Iraq shoe-thrower set for trial

Muntadar al-Zaidi (file image)
Mr Zaidi said his actions were for Iraqi widows and orphans

An Iraqi journalist who flung shoes at US President George W Bush will go on trial on 31 December, his brother and a judge have said.

Muntadar al-Zaidi is accused of "aggression against a foreign head of state" over the 14 December incident.

The 28-year-old, hailed as a hero by some in the Arab world, could face a jail term if convicted.

His brother says he has been abused in detention and plans to file a legal suit over his injuries.

The investigation phase is over and the case has been transferred to the Central Criminal Court
Judge Dhiya al-Kenani

The journalist hurled the shoes - a grave insult in the Arab world - at Mr Bush as he addressed a news conference in Baghdad, during a surprise one-day visit.

Calling the US president a "dog", he said he was acting for "widows and orphans and all those killed in Iraq".

'Sales spike'

Investigating Judge Dhiya al-Kenani told the AFP news agency that the trial date had been set for the last day of 2008.

"The investigation phase is over and the case has been transferred to the Central Criminal Court," he said.

Aggression against a head of state carries a prison term of between five and 15 years - but media reports said Mr al-Zaidi could eventually face a lesser charge of "attempted aggression".


President Bush ducks as the shoes are thrown during a news conference

The journalist's brother, Uday al-Zaidi, confirmed the court date, but made accusations against the Iraqi authorities of beating and abusing his brother.

His brother had lost a tooth and had burns on his ears, he told the Associated Press news agency after visiting him in detention on Sunday.

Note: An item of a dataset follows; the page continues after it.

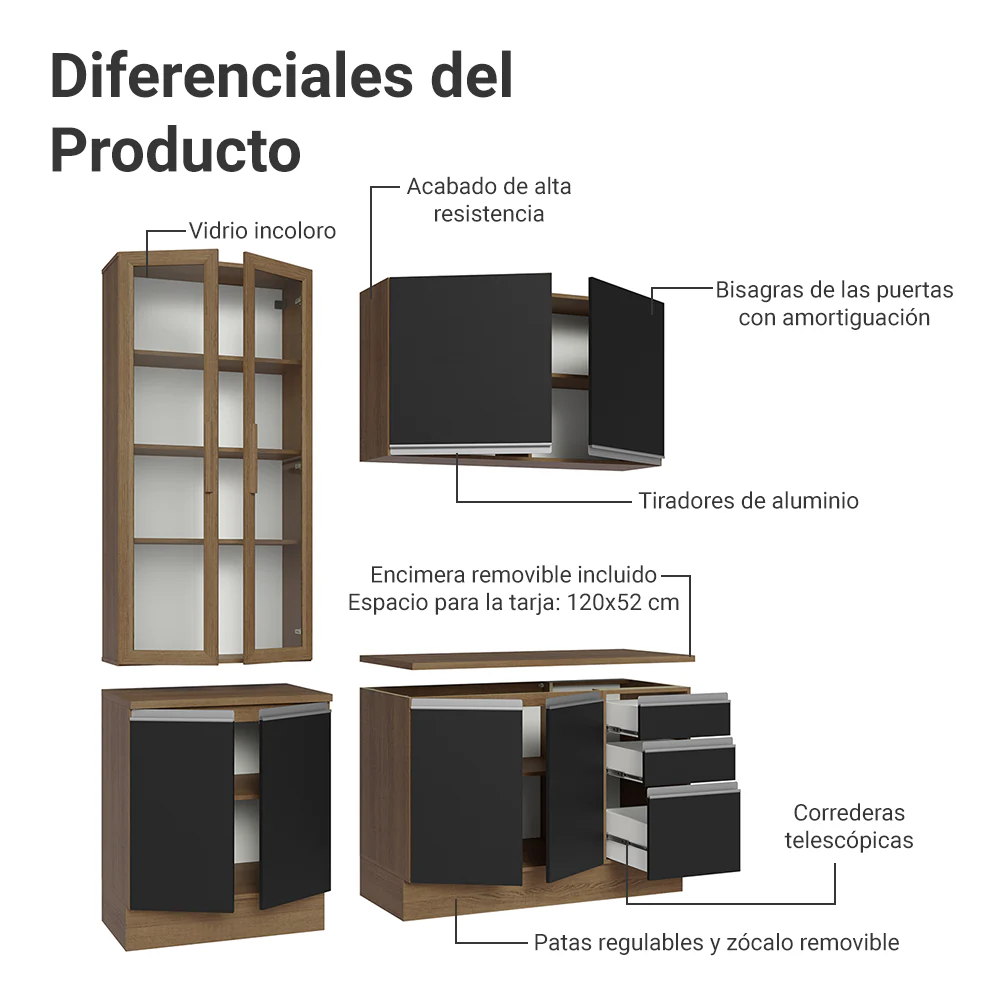 Combo completo de Cocina Madesa Glamy 190cm MN 05 - Image 5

He was planning to sue, he told the agency.

Mr Kenani rejected the allegations of abuse. The only marks on Mr al-Zaidi's face were bruises, the judge said, and they were small ones received during the arrest, he told AFP.

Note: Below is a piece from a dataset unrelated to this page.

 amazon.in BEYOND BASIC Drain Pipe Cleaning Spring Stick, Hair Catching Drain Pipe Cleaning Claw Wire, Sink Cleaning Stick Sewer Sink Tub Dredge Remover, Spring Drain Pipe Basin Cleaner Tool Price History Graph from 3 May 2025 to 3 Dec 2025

Mr Bush himself has sought to play down the incident. Last week his spokeswoman said he had "no hard feelings" over the matter.

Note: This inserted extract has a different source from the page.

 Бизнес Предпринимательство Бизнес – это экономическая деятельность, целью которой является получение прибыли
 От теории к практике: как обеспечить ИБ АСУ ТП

But it has been gleefully seized upon by anti-Bush protesters around the world - and is reported to have boosted the business of one Turkish shoe-maker.

According to the New York Times, sales at the Istanbul-based Baydan Shoe Company have spiked after it claimed to have made the footwear hurled at Mr Bush.

Ramazan Baydan told the newspaper it was definitely his shoe, and boasted of new orders coming in from across the world.